Work to be completed:
Tally every line in the data that has the word "doing" and report only the total.

Provided data:

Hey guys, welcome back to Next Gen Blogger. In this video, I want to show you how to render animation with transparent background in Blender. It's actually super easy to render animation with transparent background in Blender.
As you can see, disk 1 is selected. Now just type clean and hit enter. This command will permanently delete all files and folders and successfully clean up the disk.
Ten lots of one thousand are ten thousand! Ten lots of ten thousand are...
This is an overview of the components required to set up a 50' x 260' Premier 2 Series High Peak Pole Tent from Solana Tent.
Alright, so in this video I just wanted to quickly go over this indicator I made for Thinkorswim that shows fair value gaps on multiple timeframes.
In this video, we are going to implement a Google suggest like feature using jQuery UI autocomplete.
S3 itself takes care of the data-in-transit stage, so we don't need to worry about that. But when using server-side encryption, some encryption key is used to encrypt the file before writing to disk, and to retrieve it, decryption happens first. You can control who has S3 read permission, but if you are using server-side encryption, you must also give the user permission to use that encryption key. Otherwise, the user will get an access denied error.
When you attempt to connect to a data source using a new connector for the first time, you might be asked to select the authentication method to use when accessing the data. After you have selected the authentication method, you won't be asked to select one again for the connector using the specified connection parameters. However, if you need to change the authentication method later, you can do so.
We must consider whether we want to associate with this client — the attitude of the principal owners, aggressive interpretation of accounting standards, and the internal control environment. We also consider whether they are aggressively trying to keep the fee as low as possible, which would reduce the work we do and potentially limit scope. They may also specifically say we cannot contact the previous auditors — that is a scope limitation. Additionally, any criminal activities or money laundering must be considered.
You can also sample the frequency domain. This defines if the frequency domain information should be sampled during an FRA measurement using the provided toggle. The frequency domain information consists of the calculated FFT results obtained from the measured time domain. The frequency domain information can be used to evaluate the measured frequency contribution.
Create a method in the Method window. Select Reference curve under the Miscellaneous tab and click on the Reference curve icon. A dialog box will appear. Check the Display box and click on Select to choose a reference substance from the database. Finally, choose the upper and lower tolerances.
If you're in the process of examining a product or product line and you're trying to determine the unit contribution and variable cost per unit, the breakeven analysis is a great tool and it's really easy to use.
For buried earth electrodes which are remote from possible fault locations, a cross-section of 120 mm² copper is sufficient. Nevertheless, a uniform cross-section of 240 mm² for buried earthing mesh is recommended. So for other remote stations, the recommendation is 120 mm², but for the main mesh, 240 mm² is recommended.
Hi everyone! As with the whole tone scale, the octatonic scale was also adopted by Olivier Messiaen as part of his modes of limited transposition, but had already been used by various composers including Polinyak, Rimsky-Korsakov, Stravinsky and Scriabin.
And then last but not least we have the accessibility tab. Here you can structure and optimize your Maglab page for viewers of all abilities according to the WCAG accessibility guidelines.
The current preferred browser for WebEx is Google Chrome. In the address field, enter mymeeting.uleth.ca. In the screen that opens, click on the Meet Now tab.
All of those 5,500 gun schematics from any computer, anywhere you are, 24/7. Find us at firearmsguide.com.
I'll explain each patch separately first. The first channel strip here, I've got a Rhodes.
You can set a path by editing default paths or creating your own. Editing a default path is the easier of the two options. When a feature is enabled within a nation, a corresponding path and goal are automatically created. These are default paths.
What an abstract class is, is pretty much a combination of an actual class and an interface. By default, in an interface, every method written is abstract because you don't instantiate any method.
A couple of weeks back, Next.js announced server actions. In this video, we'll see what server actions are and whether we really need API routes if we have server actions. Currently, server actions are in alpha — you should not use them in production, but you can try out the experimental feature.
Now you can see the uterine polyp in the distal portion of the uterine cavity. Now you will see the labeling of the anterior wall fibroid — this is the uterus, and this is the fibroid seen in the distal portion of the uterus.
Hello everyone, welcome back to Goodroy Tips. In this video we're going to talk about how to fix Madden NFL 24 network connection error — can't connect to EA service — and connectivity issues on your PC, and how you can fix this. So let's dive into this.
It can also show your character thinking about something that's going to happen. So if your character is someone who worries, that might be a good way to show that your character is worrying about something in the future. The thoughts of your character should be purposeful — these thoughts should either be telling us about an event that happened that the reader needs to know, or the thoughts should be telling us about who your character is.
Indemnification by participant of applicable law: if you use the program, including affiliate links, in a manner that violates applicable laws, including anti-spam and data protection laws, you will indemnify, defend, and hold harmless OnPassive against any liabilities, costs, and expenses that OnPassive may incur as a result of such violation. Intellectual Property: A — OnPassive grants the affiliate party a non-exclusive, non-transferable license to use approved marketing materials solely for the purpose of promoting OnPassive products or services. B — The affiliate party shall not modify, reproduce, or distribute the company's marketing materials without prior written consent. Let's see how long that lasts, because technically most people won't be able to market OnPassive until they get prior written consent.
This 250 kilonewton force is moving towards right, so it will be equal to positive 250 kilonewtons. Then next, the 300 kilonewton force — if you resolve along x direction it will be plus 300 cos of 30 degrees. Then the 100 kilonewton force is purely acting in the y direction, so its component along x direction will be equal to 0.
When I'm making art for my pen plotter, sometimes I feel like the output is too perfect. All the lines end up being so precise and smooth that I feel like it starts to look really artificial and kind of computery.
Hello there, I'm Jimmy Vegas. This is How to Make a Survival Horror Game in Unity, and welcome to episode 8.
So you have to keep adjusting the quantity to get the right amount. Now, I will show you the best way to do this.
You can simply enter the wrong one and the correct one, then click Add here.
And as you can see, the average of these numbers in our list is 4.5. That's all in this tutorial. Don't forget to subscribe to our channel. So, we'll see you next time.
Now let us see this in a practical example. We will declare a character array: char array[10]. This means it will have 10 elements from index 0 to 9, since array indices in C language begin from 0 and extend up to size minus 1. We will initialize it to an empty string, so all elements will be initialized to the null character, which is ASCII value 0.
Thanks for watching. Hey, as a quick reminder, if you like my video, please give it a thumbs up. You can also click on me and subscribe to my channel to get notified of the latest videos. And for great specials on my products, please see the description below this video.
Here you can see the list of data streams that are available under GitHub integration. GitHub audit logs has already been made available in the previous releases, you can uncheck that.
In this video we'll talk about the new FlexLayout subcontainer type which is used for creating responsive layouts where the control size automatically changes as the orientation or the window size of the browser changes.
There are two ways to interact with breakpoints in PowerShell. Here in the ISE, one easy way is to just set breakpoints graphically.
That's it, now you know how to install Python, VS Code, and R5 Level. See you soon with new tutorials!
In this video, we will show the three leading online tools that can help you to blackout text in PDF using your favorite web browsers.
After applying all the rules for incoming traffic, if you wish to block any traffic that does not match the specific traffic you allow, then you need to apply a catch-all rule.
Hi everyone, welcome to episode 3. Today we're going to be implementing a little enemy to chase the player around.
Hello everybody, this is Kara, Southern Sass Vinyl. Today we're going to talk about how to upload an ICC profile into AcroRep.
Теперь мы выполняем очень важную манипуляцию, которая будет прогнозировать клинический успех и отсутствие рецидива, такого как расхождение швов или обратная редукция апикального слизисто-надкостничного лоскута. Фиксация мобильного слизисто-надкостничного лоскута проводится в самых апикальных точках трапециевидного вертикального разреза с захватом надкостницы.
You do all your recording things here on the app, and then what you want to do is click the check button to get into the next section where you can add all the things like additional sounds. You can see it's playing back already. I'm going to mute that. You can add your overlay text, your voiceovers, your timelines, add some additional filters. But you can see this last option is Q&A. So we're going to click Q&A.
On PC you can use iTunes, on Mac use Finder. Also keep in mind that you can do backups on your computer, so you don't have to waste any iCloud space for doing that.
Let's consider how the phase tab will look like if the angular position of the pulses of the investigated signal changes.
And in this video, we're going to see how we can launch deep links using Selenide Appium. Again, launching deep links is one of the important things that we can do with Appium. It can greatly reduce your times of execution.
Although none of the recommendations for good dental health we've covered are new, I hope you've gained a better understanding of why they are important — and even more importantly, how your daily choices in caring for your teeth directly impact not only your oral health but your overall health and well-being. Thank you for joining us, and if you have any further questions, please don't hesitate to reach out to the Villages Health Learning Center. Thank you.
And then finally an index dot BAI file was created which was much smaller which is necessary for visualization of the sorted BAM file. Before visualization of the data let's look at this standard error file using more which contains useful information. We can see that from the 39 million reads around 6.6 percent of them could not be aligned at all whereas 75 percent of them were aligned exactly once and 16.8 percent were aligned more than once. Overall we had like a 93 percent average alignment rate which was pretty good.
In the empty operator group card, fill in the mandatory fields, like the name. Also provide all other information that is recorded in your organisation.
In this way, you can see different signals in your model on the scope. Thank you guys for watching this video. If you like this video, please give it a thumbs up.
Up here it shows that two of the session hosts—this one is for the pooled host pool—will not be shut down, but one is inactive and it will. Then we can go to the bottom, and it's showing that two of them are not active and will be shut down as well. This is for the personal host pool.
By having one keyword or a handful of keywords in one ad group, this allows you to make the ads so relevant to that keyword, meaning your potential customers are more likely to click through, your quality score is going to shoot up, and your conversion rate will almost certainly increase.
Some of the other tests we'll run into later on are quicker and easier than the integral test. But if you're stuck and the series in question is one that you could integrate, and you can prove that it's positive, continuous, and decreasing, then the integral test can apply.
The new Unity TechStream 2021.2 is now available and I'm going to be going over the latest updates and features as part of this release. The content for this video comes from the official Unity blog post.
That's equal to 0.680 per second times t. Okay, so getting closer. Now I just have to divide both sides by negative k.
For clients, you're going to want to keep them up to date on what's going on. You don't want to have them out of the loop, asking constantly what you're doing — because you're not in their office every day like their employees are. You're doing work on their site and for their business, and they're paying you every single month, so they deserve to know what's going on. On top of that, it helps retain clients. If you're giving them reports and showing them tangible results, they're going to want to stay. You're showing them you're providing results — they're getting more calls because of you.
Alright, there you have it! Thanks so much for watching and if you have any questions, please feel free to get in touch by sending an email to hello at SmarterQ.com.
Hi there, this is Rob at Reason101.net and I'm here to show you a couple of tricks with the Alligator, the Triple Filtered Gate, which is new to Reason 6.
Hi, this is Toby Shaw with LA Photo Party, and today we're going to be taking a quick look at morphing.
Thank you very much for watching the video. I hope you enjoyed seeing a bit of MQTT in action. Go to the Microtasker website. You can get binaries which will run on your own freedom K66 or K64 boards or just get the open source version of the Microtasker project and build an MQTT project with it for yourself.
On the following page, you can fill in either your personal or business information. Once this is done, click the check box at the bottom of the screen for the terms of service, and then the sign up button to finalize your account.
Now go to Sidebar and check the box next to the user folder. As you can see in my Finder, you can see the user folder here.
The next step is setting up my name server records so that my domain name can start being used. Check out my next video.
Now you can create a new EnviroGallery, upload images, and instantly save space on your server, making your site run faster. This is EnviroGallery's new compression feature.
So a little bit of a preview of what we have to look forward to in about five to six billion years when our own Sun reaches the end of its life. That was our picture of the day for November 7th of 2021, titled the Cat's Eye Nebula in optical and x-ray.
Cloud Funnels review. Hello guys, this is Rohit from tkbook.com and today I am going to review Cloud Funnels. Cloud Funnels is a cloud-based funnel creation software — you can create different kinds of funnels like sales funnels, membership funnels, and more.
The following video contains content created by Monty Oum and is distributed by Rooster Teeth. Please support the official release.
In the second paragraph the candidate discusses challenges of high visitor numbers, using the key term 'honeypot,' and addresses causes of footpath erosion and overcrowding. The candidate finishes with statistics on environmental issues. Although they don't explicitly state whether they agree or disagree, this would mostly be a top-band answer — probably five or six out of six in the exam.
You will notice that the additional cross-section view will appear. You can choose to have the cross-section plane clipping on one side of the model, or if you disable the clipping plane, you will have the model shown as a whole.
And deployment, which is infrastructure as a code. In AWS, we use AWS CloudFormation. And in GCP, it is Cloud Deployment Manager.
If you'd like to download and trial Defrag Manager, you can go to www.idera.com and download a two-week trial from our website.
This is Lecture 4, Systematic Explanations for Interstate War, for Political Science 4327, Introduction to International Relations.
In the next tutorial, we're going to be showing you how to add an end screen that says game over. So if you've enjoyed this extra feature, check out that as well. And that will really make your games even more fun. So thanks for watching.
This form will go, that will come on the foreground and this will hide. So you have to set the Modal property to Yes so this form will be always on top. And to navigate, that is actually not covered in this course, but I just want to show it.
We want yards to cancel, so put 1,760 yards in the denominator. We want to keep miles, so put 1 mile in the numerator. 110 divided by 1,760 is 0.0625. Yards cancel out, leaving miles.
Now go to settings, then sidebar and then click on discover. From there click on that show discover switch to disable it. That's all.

Response below:
2